MADRID: Spain on Tuesday defended a 1.7-billion-euro ($2.2-billion) bid to host the Olympics in Madrid in 2020 even as the country battles a recession and high unemployment while slashing spending.
Spain’s delegation submitted the 360-page bid document to the International Olympic Committee headquarters in Lausanne, Switzerland, on Monday.
If Madrid beats favorites Tokyo and rival Istanbul, it estimates it would have to invest another 1.7 billion euros to complete the infrastructure for the games.
The budget is “austere and responsible,” Education, Culture and Sports Minister Jose Ignacio Wert told a news conference in Madrid.
“With austerity as the rule, I have no doubt the returns will be positive,” he said.
Wert insisted, too, that Spain’s record in cracking down on doping in sports would not harm its bid.
“The effort Spain is making in the anti-doping battle must be recognized,” the sports minister said.
The World Anti-Doping Agency on December 21 suspended a Madrid anti-doping laboratory for an alleged error in handling a test, which led to the result being invalidated.
“This is not about a manipulation or ill intent. It is a technical problem about which the Spanish agency did not even have to make a statement — nevertheless it did,” he said.
Wert was asked, too, about a trial due to open this month over a doping network focused on cyclists that was broken up by police in 2006. No suspect targeted in the police operation, known as Operation Puerto, has yet faced a criminal court.
“The level of commitment of the Spanish anti-doping agency is without a blemish and Spain is in line with international organizations in doping matters,” the minister said.
Madrid will find out in September this year whether it has been chosen to host the Games, after finishing third for the 2012 and second for the 2016 editions.
Bid promoters, including Alejandro Blanco, head of the Spanish Olympic Committee, stressed that 28 of the 35 venues have already been built.
Of the seven remaining venues, only four including the Olympic Stadium would be permanent, requiring bigger investments than the other three temporary constructions.
Asked whether it was a good idea to be committing Spain to such spending when the state is cutting health and education budgets, Madrid regional government chief Ignacio Gonzalez said much of the investment would be financed by public-private partnerships.
Squeezed by a recession that began in mid-2011 and by an unemployment rate that has shot to 25 percent, Spain’s authorities say they believe the Games can create jobs and lure tourists.
The bid team touted the 2012 London Games as an example of the economic benefits of being a host city.
According to Gonzalez, the London Games created 50,000 jobs, of which tens of thousands were permanent.
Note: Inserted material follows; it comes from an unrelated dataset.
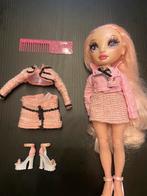 Rainbow High pop, Kinderen en Baby's, Speelgoed | Poppen, Ophalen, Zo goed als nieuw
Madrid city mayor Ana Botella was part of the delegation in Lausanne the previous day.
“It is a project the whole country is behind and a dream for all Spaniards,” she said.
“The proof can be seen in the fact that three levels of government are represented here — the city, the regional and the national.
“We are here to give our support to the countless people who are working for and believe in Madrid’s Olympic aspirations.”